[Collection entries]
▼

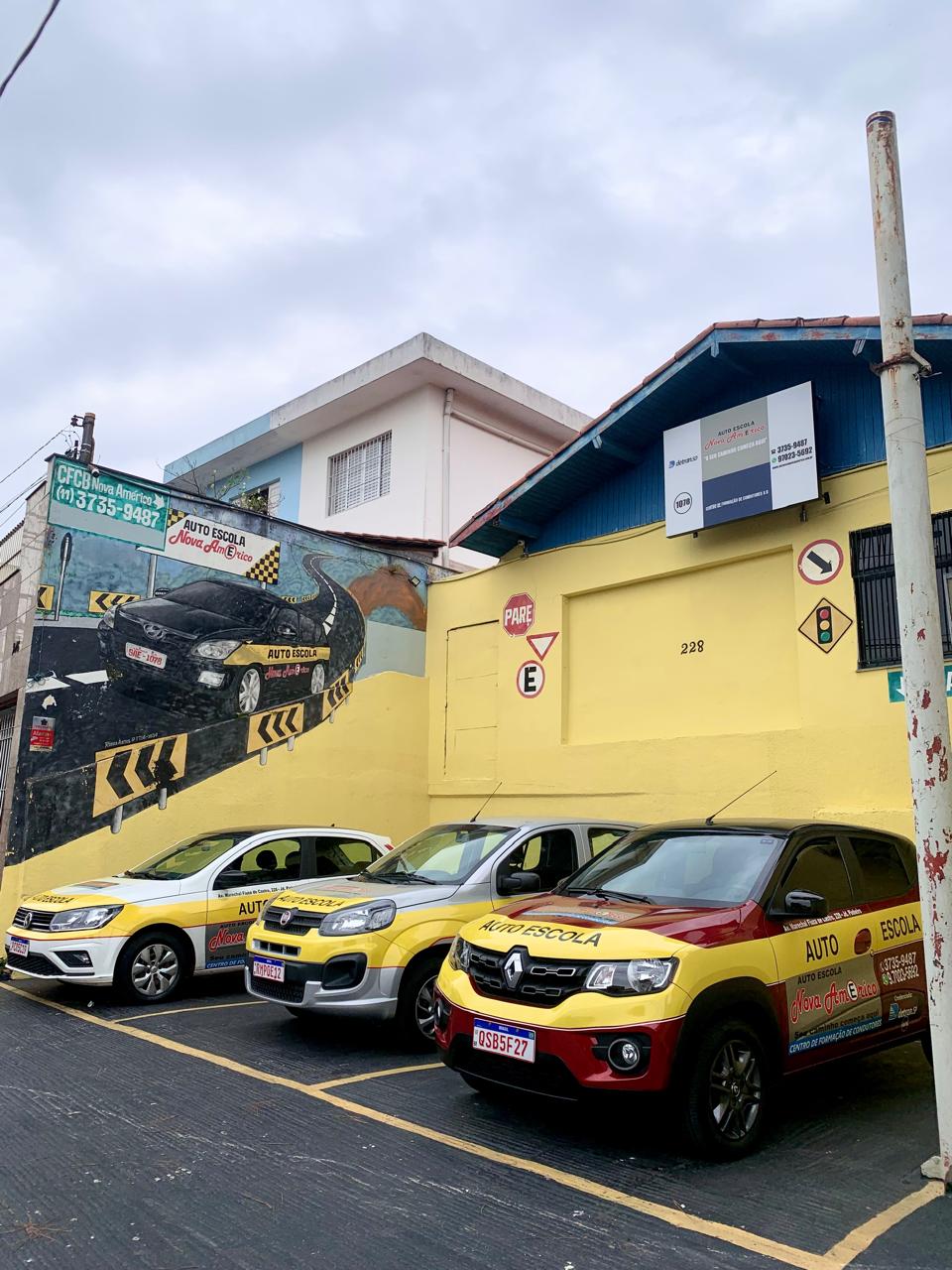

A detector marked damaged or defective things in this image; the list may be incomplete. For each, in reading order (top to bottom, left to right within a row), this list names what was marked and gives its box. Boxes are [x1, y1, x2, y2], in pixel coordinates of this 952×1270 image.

rusty pole [873, 111, 952, 1189]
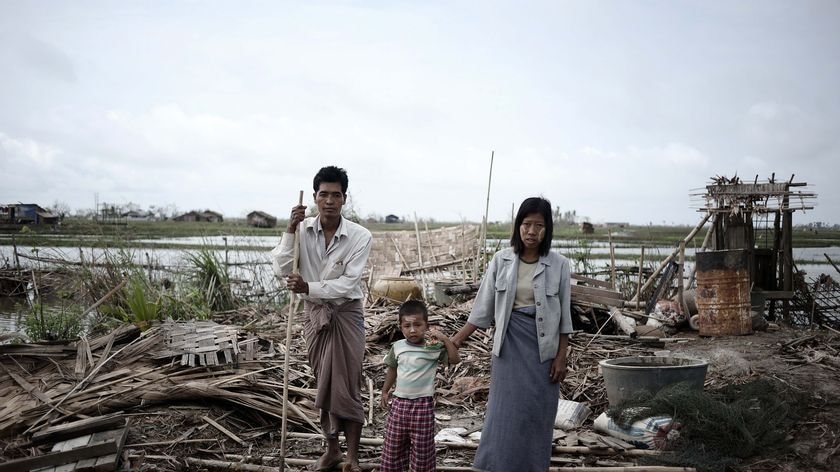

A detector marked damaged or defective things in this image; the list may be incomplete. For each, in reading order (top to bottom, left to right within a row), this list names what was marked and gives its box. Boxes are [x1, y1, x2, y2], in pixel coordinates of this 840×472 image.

rusty metal barrel [696, 251, 756, 336]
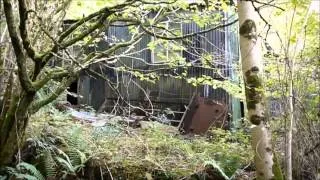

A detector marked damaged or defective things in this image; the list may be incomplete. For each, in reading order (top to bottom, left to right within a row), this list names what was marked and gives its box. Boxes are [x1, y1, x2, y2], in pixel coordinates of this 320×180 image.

rusted metal tank [180, 94, 228, 134]
rusty metal sheet [180, 95, 228, 134]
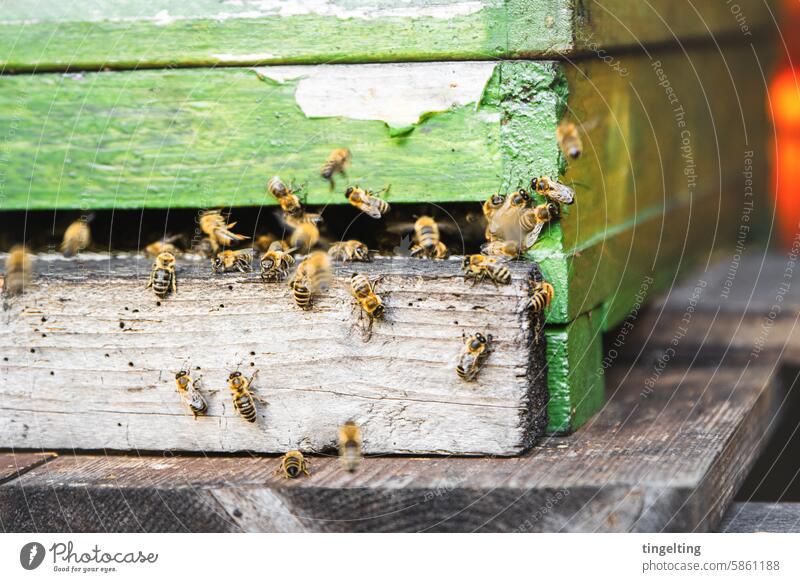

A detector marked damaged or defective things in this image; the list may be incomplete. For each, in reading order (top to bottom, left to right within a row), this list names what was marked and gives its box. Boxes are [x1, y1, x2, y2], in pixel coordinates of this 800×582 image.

peeling paint [256, 61, 496, 128]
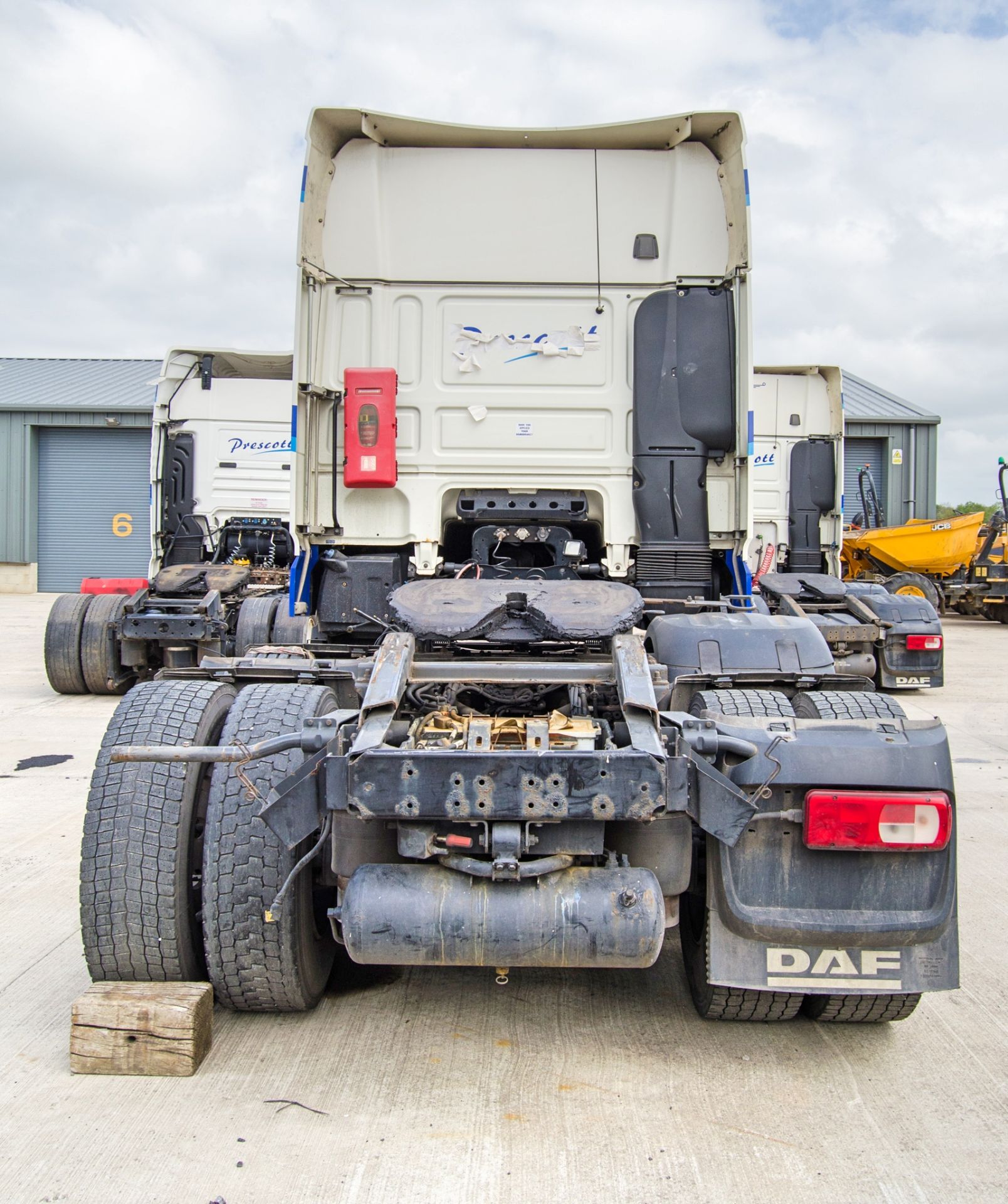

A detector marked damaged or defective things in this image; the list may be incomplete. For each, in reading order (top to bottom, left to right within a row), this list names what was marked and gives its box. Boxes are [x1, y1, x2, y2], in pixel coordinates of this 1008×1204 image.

torn decal on cab [449, 325, 599, 371]
torn decal on cab [770, 944, 904, 992]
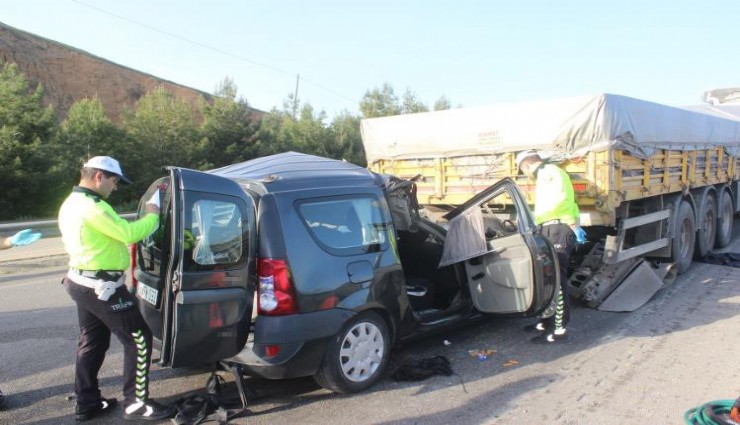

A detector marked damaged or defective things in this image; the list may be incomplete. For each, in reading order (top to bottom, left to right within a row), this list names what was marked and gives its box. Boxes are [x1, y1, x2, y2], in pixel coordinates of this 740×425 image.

crushed car door [137, 167, 258, 366]
crushed car door [440, 176, 556, 314]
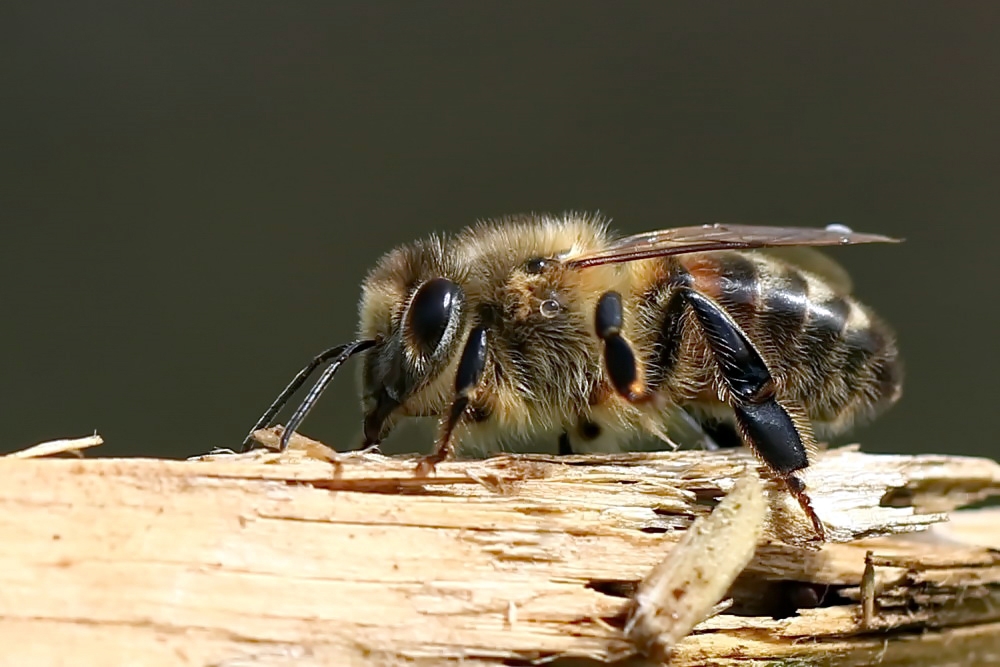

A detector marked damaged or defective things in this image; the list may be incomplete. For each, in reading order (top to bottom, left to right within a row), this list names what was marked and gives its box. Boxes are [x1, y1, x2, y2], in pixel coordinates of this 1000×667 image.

splintered wood [0, 430, 996, 664]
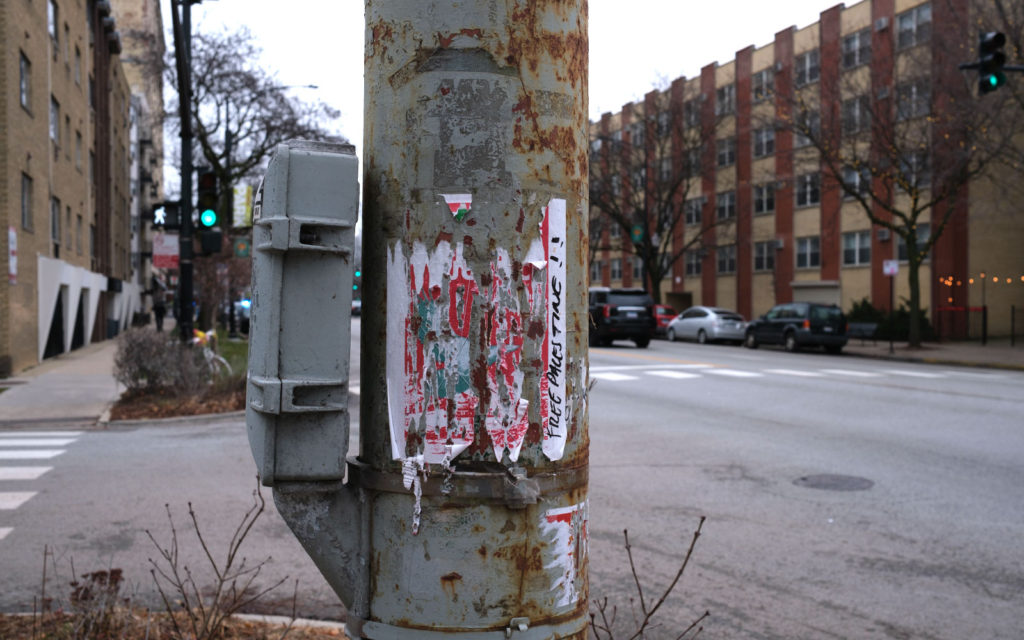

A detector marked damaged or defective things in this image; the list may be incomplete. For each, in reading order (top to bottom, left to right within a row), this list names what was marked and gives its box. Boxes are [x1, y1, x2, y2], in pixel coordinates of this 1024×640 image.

torn paper poster [440, 193, 471, 221]
rusty metal pole [356, 0, 589, 634]
torn paper poster [540, 198, 573, 458]
torn paper poster [540, 499, 589, 610]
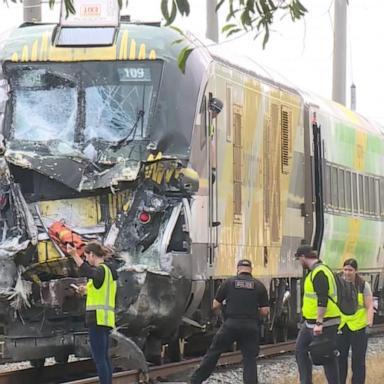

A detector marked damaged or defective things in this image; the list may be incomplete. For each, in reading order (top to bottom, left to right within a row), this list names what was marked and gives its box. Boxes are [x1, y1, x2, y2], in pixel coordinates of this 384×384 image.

cracked windshield [6, 61, 162, 159]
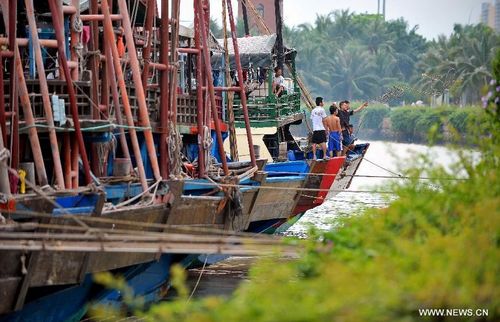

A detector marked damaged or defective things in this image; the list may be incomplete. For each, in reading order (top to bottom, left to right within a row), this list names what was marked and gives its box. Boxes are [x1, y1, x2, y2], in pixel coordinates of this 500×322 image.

rusty metal pole [14, 45, 48, 186]
rusty metal pole [25, 0, 66, 189]
rusty metal pole [48, 0, 93, 185]
rusty metal pole [100, 0, 148, 191]
rusty metal pole [116, 0, 161, 181]
rusty metal pole [195, 0, 229, 175]
rusty metal pole [228, 0, 256, 167]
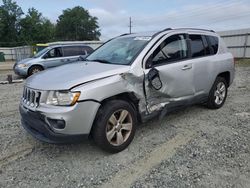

▲

* What to do *
Output, exactly and without pictures, the lines above that run from the one containing "this 1024×640 image." through the last line of the entries, inclusive.

* Result below *
A detector marked damaged or defective things in this image; the list may be incomplete. For each, in reading order (top to bottom, left to right within a row), this list names what was marked and gives its box. Boxes are [x1, y1, x2, y2], in pixel coordinates of this 1024×640 image.

torn paper poster [440, 193, 471, 221]
rusty metal pole [356, 0, 589, 634]
torn paper poster [540, 198, 573, 458]
torn paper poster [540, 499, 589, 610]

A detector marked damaged or defective things in this image; the list may be incomplete. For each, in reading order (top to bottom, left to right within a row), this list names what was marked and gives its box. Boxes are [x1, y1, x2, y2], in pixel coordinates of this 384×384 image.

cracked windshield [6, 61, 162, 159]

A detector marked damaged or defective things in this image; the list may be incomplete. For each, in reading order (top to bottom, left to right within a row), this list names what was marked and gives its box. Boxes are [x1, y1, x2, y2], in pixel coordinates of this 500×322 image.

rusty metal pole [14, 45, 48, 186]
rusty metal pole [25, 0, 66, 189]
rusty metal pole [48, 0, 93, 185]
rusty metal pole [100, 0, 148, 191]
rusty metal pole [116, 0, 161, 181]
rusty metal pole [195, 0, 229, 175]
rusty metal pole [228, 0, 256, 167]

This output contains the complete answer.